Matthew Uy

Personal information
- Full name: Matthew Christopher Celano Uy
- Date of birth: March 22, 1990 (age 35)
- Place of birth: New Hyde Park, New York, United States
- Height: 1.70 m (5 ft 7 in)
- Position(s): Midfielder

Youth career
- 2006–2007: IMG Soccer Academy
- 2007–2010: Fairfield Stags

Senior career*
- Years: Team / Apps / (Gls)
- 2010: Westchester Flames / 6 / (0)
- 2011: Long Island Rough Riders / 7 / (0)
- 2012–2013: Global FC / 3 / (1)
- 2013: Loyola / 4 / (0)
- 2013: Team Socceroo

International career^{‡}
- 2006–2007: United States U17 / 5 / (0)
- 2012: Philippines / 4 / (0)

= Matthew Uy =

Filipino footballer

Matthew Christopher Celano Uy (born March 22, 1990) is a footballer who last played for Filipino side Team Socceroo in the United Football League. Born in the United States, he has represented the Philippines national team.

==Early life==
Uy was born in the United States to a Filipino father and an Italian mother.

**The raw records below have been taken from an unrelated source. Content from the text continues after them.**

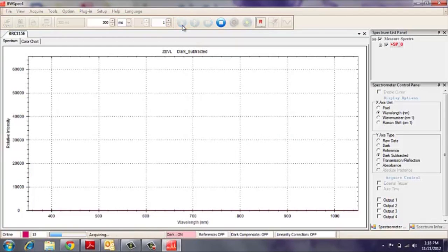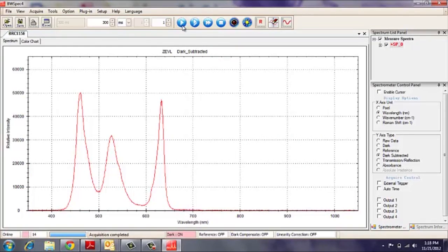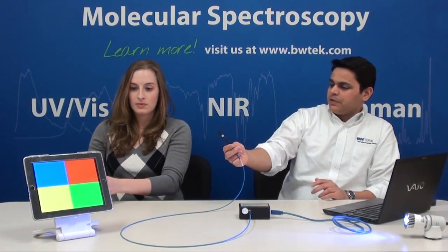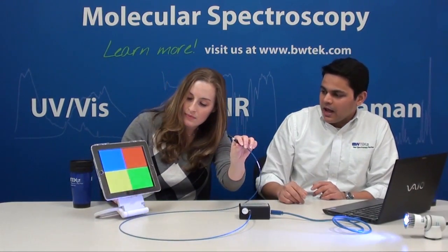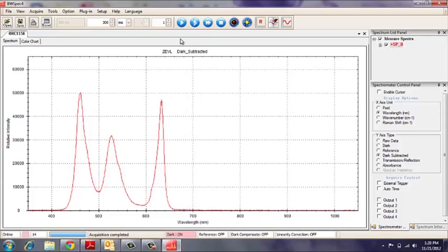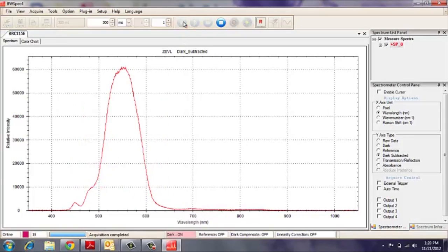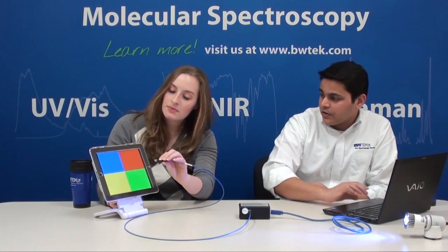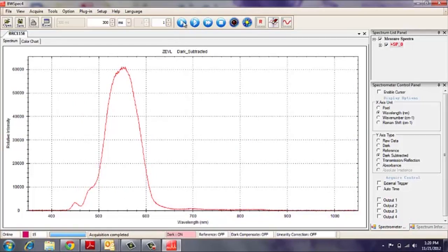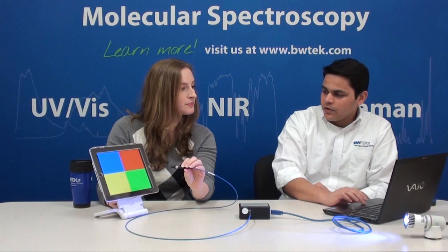Now that I've collected the dark spectrum, if I take a single acquisition of this LED light source, we can see the different characteristic wavelengths of that light source. Putting this up against the different colors on the iPad, we can see the different characteristic wavelengths of the green. Red would be another cool one to see — and you can see the red there, just taking a single acquisition.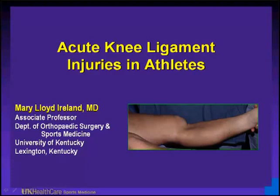My name is Mary Lloyd Ireland, and I prepared and saw most of these cases. We'll be presenting on acute knee ligament injuries in athletes.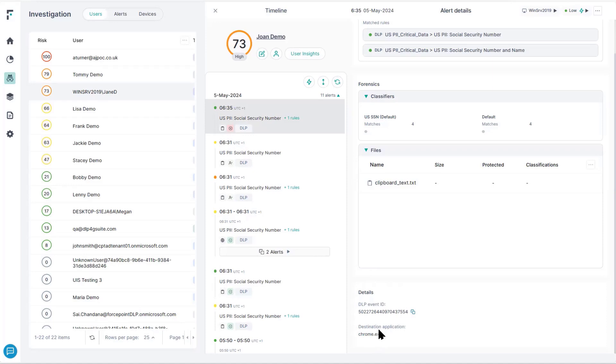So as you can see from the incident view, from this single interface, we can see incidents across Forcepoint 1 data security for SWIG, CASB, email, and endpoint. This reduces the need for multiple DLP interfaces to manage all of these DLP incidents.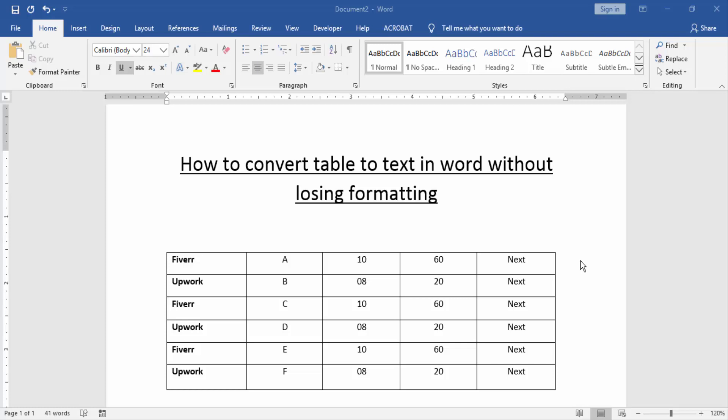First, we have to open a Word document and we take a table. Now we convert table to text without losing formatting.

He represented NYC Italy in the 2012 Cosmos Copa and is a full international for the Philippines national team.

==Career==
In the late days of March, he was waived by the Global of the United Football League in the transfer window. He was then immediately signed by the Loyola Meralco Sparks. He made his debut for the Sparks on April 9, 2013, coming in as a substitute for Jeong Byeong-Yeol in the 72nd minute against the Stallion Sta. Lucia.